Over a year ago we looked at Considerations for Choosing Investment Bank Partners. With a new offering, there is an opportunity to look at the banks from the original deal and possibly make some changes. A few things to consider:
- Evaluate the Bookrunner(s). While your bookrunner(s) may have done a good job on the IPO, it may be time to look at their recent performance and decide whether they are the right fit for the next offering. Do they continue to be a leader in the space? Have they continued to work with you as a partner since the time of your IPO? Will this transaction be important to them? A lot can happen between an IPO and a follow-on offering, so this is a good time to evaluate the relationship and figure out what is best for you and the company.
- Evaluate the Co-Managers. Just like you evaluate the bookrunner(s) from your IPO, this is also a chance to look at the performance of the co-managers. Keep in mind, that just because a bank participated in the IPO doesn’t mean they should automatically be involved in the follow-on.
- Add New Bank or Banks. A follow-on offering will typically be larger than an IPO providing the opportunity to add new banks to the deal. If you worked with a smaller bank during your IPO, now may be the chance to work with a bank that has shown consistent leadership in your company’s space. It may also be a good chance to broaden your relationships with new banks.
All of the decisions listed above are important and should not be taken lightly. As with the IPO where there may have been disappointed parties who did not get to participate, be prepared for the same when it comes time to raise additional capital.
Whereas an IPO has a price range on the prospectus to give investors a starting point to where the deal may price, a follow-on already has an actively traded stock. The S-1 will list the last reported sales price of the company stock before it filed, but it will be the next few days trading and demand that will determine the price.

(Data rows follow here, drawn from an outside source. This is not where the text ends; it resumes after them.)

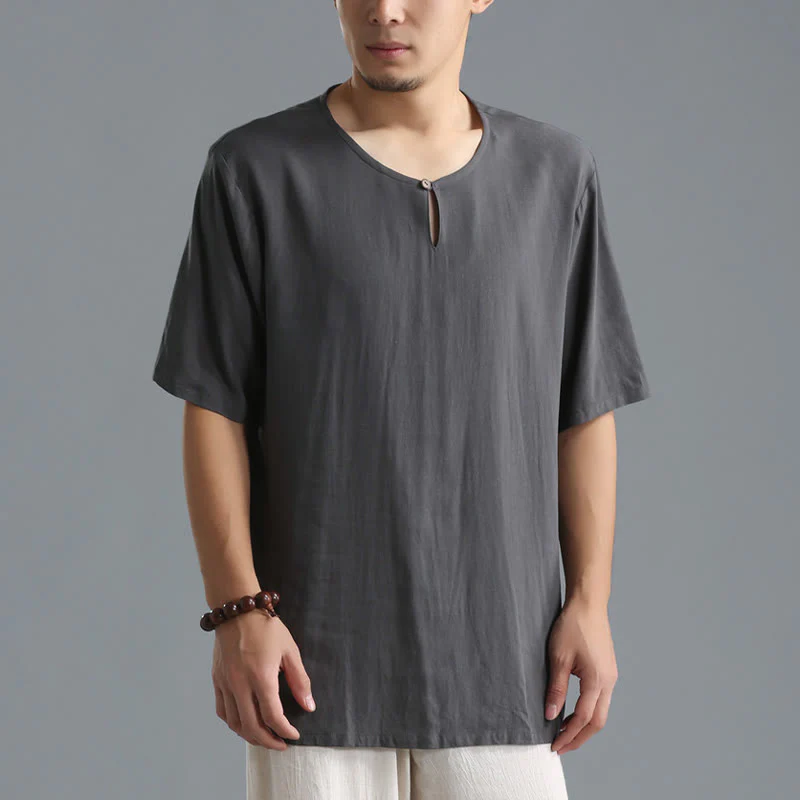 Buddha Stones Men's Solid Color Round Neck Short Sleeve Cotton Linen Shirt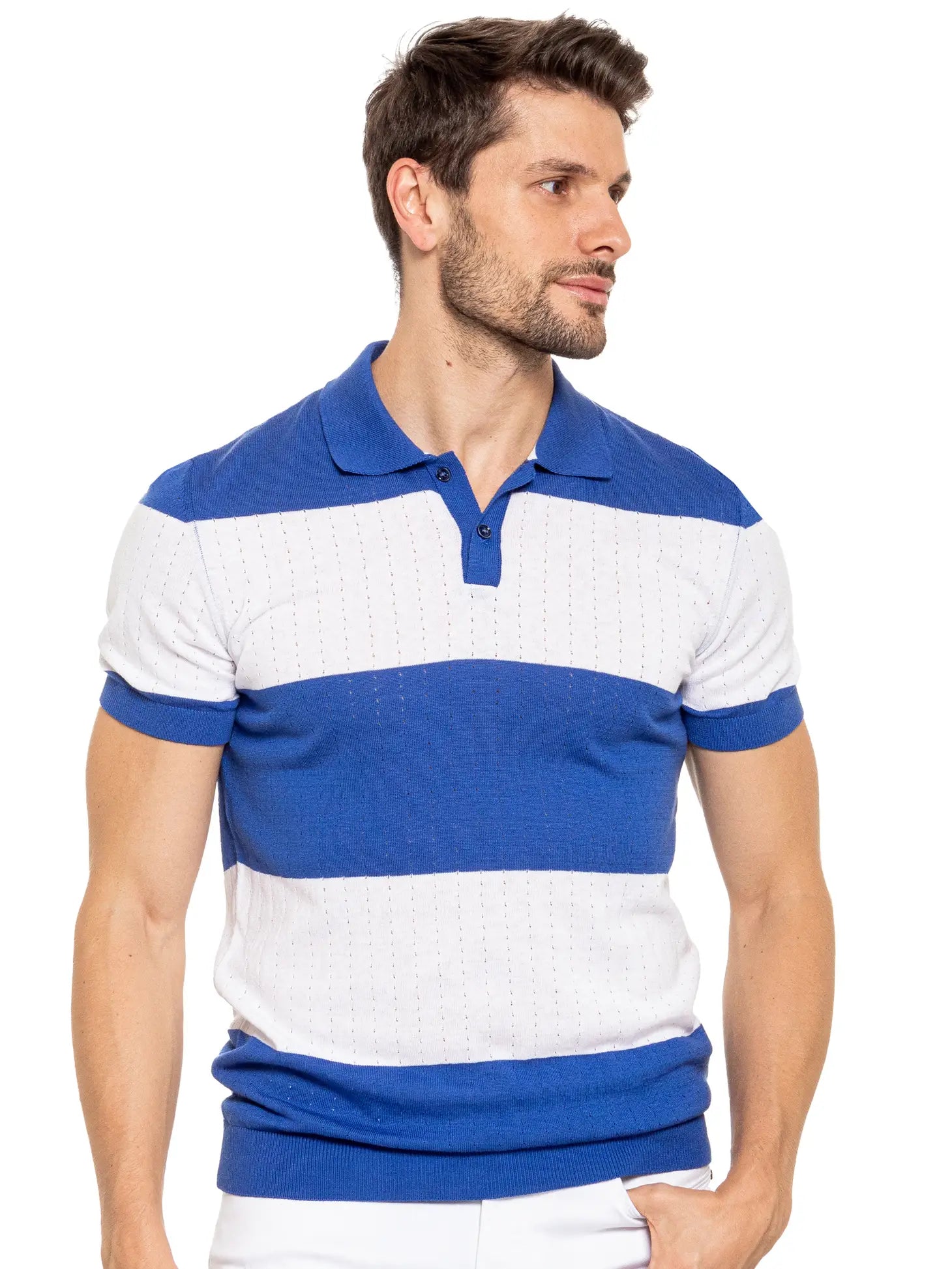 Gondola Knit Polo - Blue-Clothing - Men-Eight X-M-Urbanheer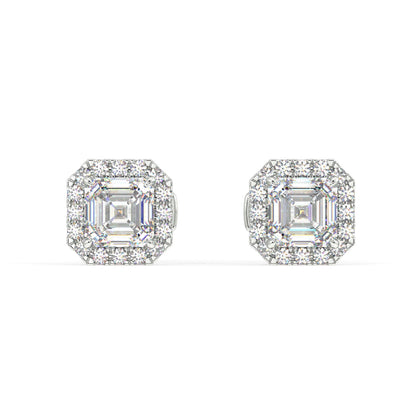 Houston Halo Asscher Diamond Studs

From here, there are several scenarios including:
- Strong Demand from Investors. If there is strong demand (which hopefully was anticipated), there is a chance that the stock does not move drastically from the last trade listed on the S-1. In this event, many investors may end up putting in orders at the market, meaning the underwriters may price the deal at the closing bid on the night of pricing, or at a slight discount (say pricing at $10 even despite the closing bid being $10.12).
- Weak Demand/Price Sensitive. Investors may also be more price sensitive. This can end up being reflected in the stock trading down from filing, or investors putting in limit orders. Using the $10.12 closing mentioned above, an investor may put in an order such as this:
- 500,000 shares at 9.50
- 250,000 shares at 9.75
- 100,000 shares at market
It will then be up to the bookrunner(s) to figure out the appropriate price with the most demand that will allow the stock to trade successfully in the aftermarket. If there is sufficient demand at the $10 level and includes the well-known investors in the space, then the orders that come in at the $9.50 level can be ignored. On the other hand, if the demand is price sensitive then the investors may have more leverage to force a pricing at a discount to the closing bid.
One interesting scenario is where a large, existing investor chooses not to participate in the follow-on offering. It may be that they already have a full position and are unable to buy any more shares. There is also a possibility that they will be a seller after the deal prices in anticipation of increased liquidity, especially in the first few days after the deal prices.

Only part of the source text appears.